These provisions shall also apply to those persons referred to under section 35 of Law 24,083, as amended. In these cases, the positive price differential obtained by those who have unduly availed of insider information resultant from any trading operation made within a six (6) month period, relating any securities of issuers with whom they are related to, shall be deemed for, and be recoverable by the issuer without prejudice to the penalties that may correspond to the offender. If the issuer fails to initiate the appropriate action or to act consequently within sixty (60) days of being notified to do so, or if it will not drive the action diligently after notification, those actions may be performed by any shareholder;
b) Manipulation and deceiving. Issuers, registered agents, investors or any other operator or participant in the authorized market, shall refrain from acting, either directly per se or through an intermediary, in initial offers or secondary markets, practices or conducts intending to allow manipulation of prices or volumes of securities, thus disrupting the normal development of supply and demand. Likewise, such persons should refrain from engaging in deceptive practices or conducts likely to deceive any participant in these markets, in connection with the purchase or sale of any securities in the public offer, either through the use of devices, misrepresentations or inaccuracies or omitting essential facts or through any act, practice or course of action that may have misleading and harmful effects on any person in the market.

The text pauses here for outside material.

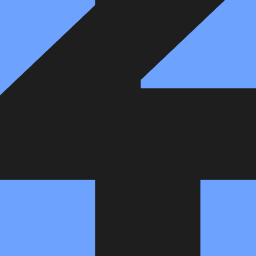 Tetrad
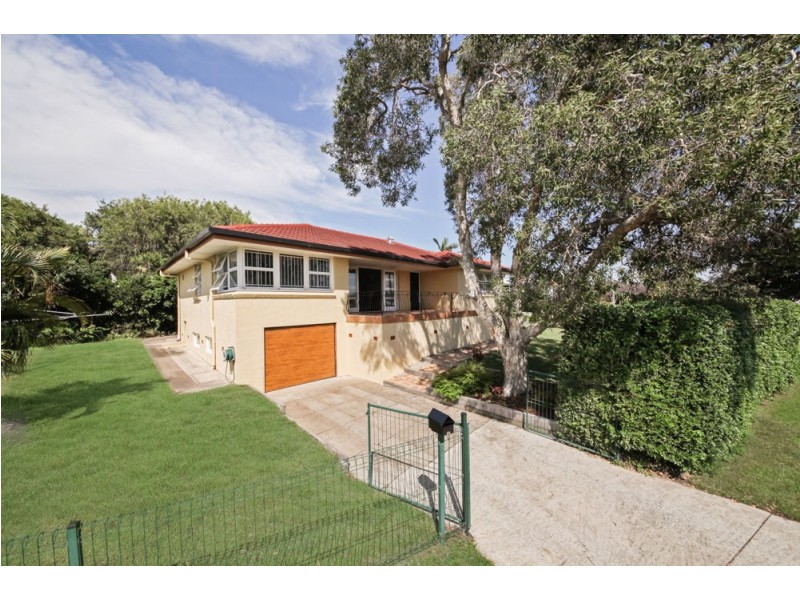 58 Wetherby Street, Geebung QLD 4034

In order to determine the sanction of those behaviors as described, the CNV shall regard as a aggravating circumstance if the conduct sanctioned was that of a controlling shareholder, administrators, managers, trustees of all persons subject to the supervision of the CNV or officers of the supervisory bodies;
c) Prohibition to participate or tender in the public offer in an unauthorized manner. Any natural or legal person involved, offering itself or offering services in the public offer of securities without proper authorization of the CNV, shall be subject to administrative sanctions without prejudice to the criminal penalties that could apply.

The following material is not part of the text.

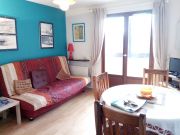 Aluguer mar Baixa-Normandia: appartement n 10774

SECTION 118. Action for recovery. The action for recovery is limited to three (3) years, may be promoted by any shareholder subject to the rules governing the subrogation action and will be combined with that of liability under section 276 of the Companies’ Law 19,550 (codified text 1984) as amended, without requiring a prior shareholders’ meeting resolution.
Offering Memorandum or Prospectus
SECTION 119. - Directly responsible. Issuers of securities, together with the members of the management and supervisory bodies, the latter in matters under their jurisdiction, and where appropriate the bidders of the securities regarding the information linked to them, and people who sign the offering memorandum for the securities shall be liable for all information contained in the prospectus they have registered with the CNV.

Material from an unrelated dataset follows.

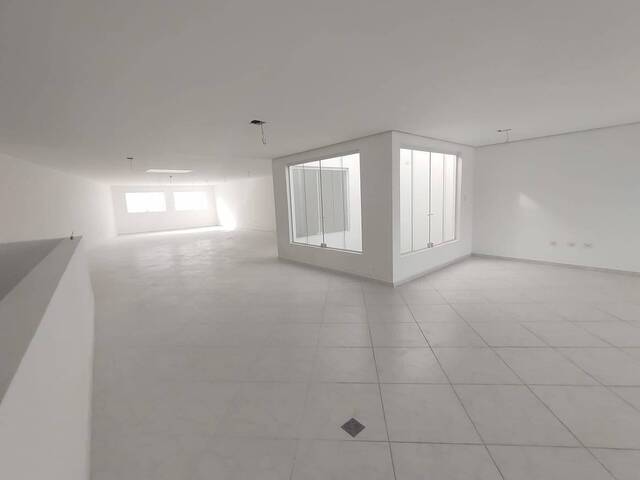 Comercial para Venda em Diadema - 2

SECTION 120. Indirectly responsible. Institutions and brokers participating in the market as organizers or underwriters in a public offer or purchase of securities should diligently review the information contained in the offering memorandum. Experts or others that give an opinion about certain parts of the prospectus are only liable for the part of the information on which they have expressed an opinion.
SECTION 121. Legitimization and burden of proof. Buyers or purchasers of any kind of securities under public offer, offered by the respective prospectus shall avail of legitimacy to sue, and must prove to that end the existence of an error or omission in an essential aspect of the information regarding the offer. In this respect, essential information shall mean any information that an ordinary investor could have appreciated as relevant to decide the purchase or sale of the securities offered.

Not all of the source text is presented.